Scraped caption text data
****

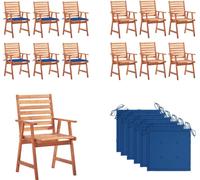 vidaXL Chaises de jardin 6 pcs. avec coussins Acacia massif - Chaise de jardin - Chaise de jardin en bois - Holz Gartenstühle
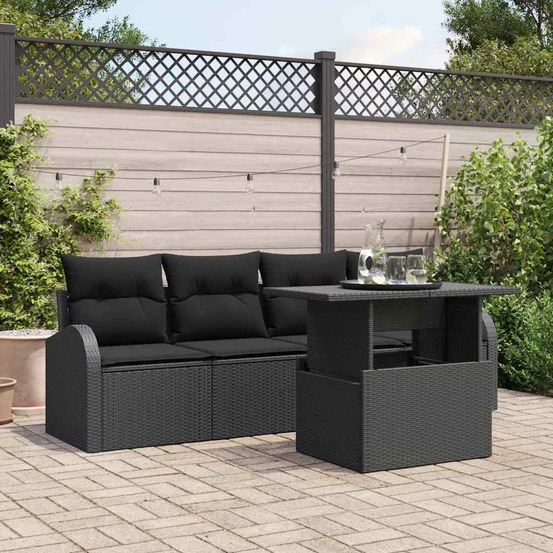 Ensemble de canapé de jardin avec coussin 5 pcs noir poly rotin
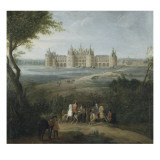 Vue du château de Chambord vers 1722 - au premier plan  le duc d'Orléans  Régent  donnant ses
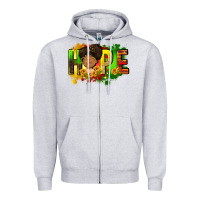 Heather Grey Hope Juneteenth Zipper Hoodie - FaDigitalArtStudio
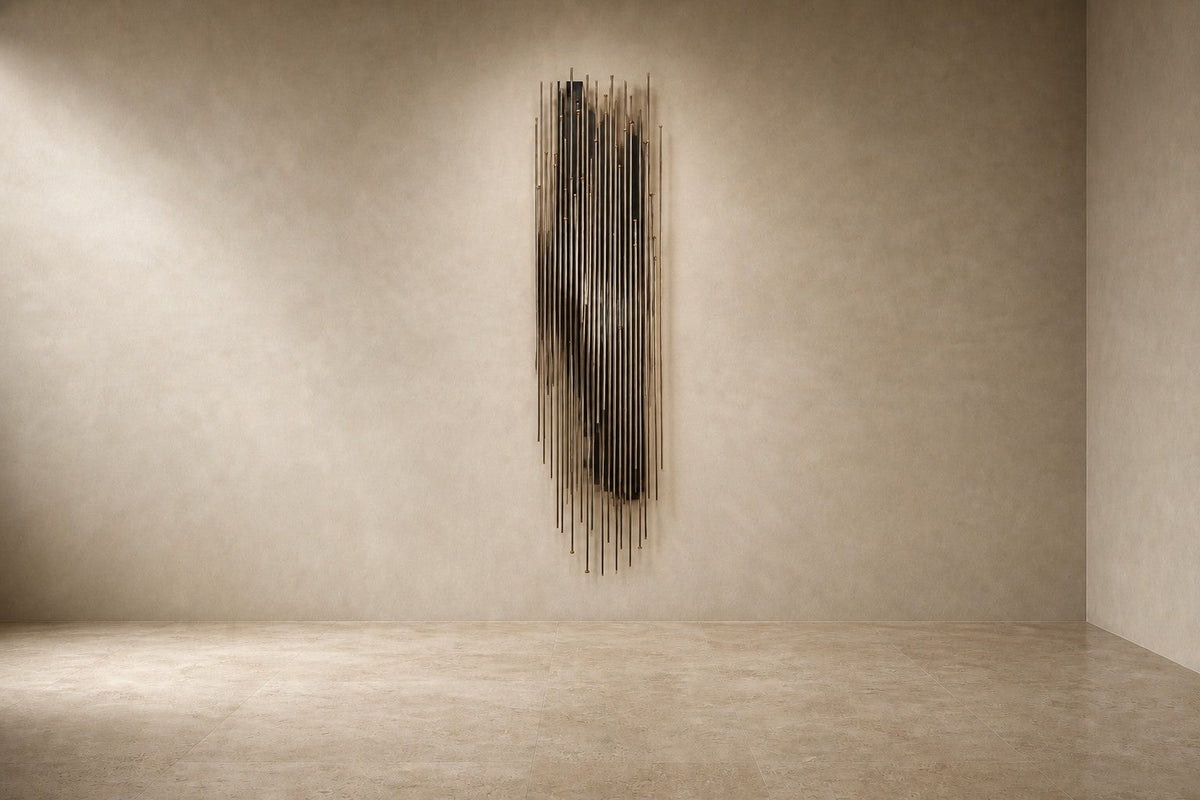 Tratto — 60 × 180 cm vertical cluster of blackened rods with polished brass nodes, studio view of the whole piece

****

Aim of the exercise
Would you print all of the entries exactly, omitting any image?

Answer box
 vidaXL Chaises de jardin 6 pcs. avec coussins Acacia massif - Chaise de jardin - Chaise de jardin en bois - Holz Gartenstühle
 Ensemble de canapé de jardin avec coussin 5 pcs noir poly rotin
 Vue du château de Chambord vers 1722 - au premier plan  le duc d'Orléans  Régent  donnant ses
 Heather Grey Hope Juneteenth Zipper Hoodie - FaDigitalArtStudio
 Tratto — 60 × 180 cm vertical cluster of blackened rods with polished brass nodes, studio view of the whole piece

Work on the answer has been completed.